He started speaking.
People started to appear behind him, to fill up the space, cover up the hideous orange screen, and not make Mulcair look as alone as he was. Very unplanned, very unscripted, with everyone looking very uncomfortable. Glum.
He spoke briefly.
Then someone moved the adjournment and the speakers started blaring a 1950s American television theme.
"Happy trails to you," Roy Rogers sang, "until we meet again."
In light of what had just happened, coming so close on the heels of Mulcair's defeat speech, it was a darkly funny frig you from the party. A passive aggressive finger flipped behind his back.
If someone had planned the tableau to unfold as it did, then it was someone with a truly wicked heart.

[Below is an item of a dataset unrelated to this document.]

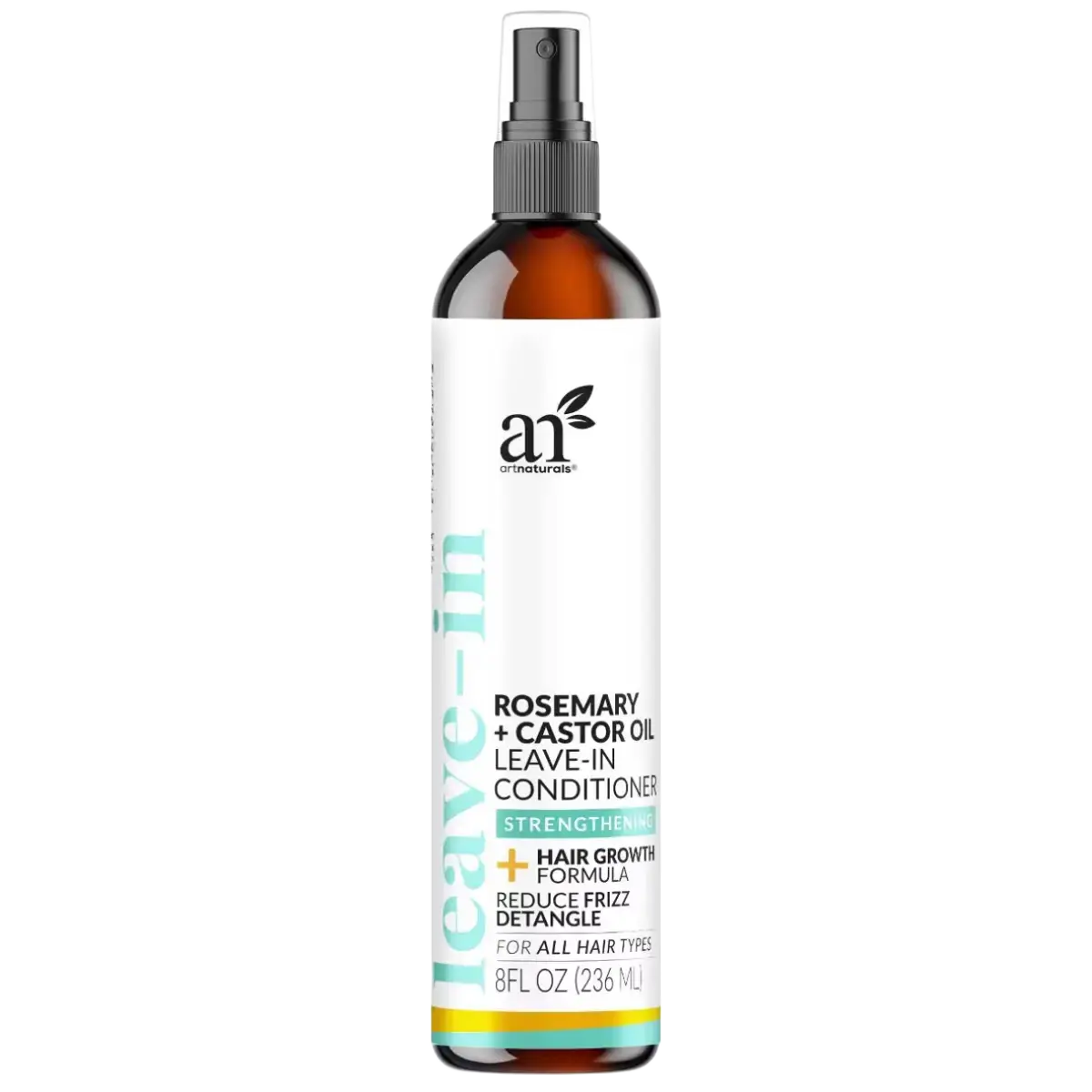 artnaturals Rosemary + Castor Oil Leave-In Conditioner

Now the deed is done. The party will have to find a new leader. They are unlikely to move in the direction Jack Layton took them and that Mulcair tried to continue. That was the road to power.
New Democrats are uncomfortable with the idea of being in power. They feel better in sack-cloth, smeared in ashes, and telling the rest of us that we are impure sinners than they ever would feel trying to actually do something for Canadians. If the American right are a bunch who revel in their ignorance, their anti-intellectualism, Canadian leftists are pseudo-intellectual snobs. Both are convinced, however, that they alone are morally correct at all times in all that they do. Both are wrong.
To get elected a political party has to connect with Canadians. New Democrats don't care about connecting with Canadians. New Democrats do not want to win an election. They do not even want to be right. They already know they are right.
Only a gang of self-righteous pricks would hold a national meeting in a province almost totally dependent on oil and gas and talk about the need to shut down everything to do with oil and gas as quickly as possible. Not even the old Reform Party would have been stupid enough to go to Quebec City for a national convention and run a Union flag up the pole on the Plains of Abraham for old time's sake. Stupid is to ignorance as arrogance is to self-righteousness. The stupid and ignorant are unaware of the harm they bring. Arrogance and self-righteousness revel in it. You decide which is better.
The Alberta New Democrats, having just broken a Conservative dynasty that dated back to the 1970s, had no choice but roll their eyes and distance themselves - politely - from the out-of-towners. They put on a brave face, those Alberta New Democrats. We can all disagree and still be good New Democrats. Insert nervous laughter here.
We can expect more of this over the next few months. The New Democrats will pretend to be a unified party but, in truth, they are deeply divided. Individual New Democrats interested in acting on their beliefs will join with Liberals and take power under whichever party banner works in that province. But federally, as in Newfoundland and Labrador, the NDP will remain a small crowd of people on the political fringe better at asking questions than providing answers.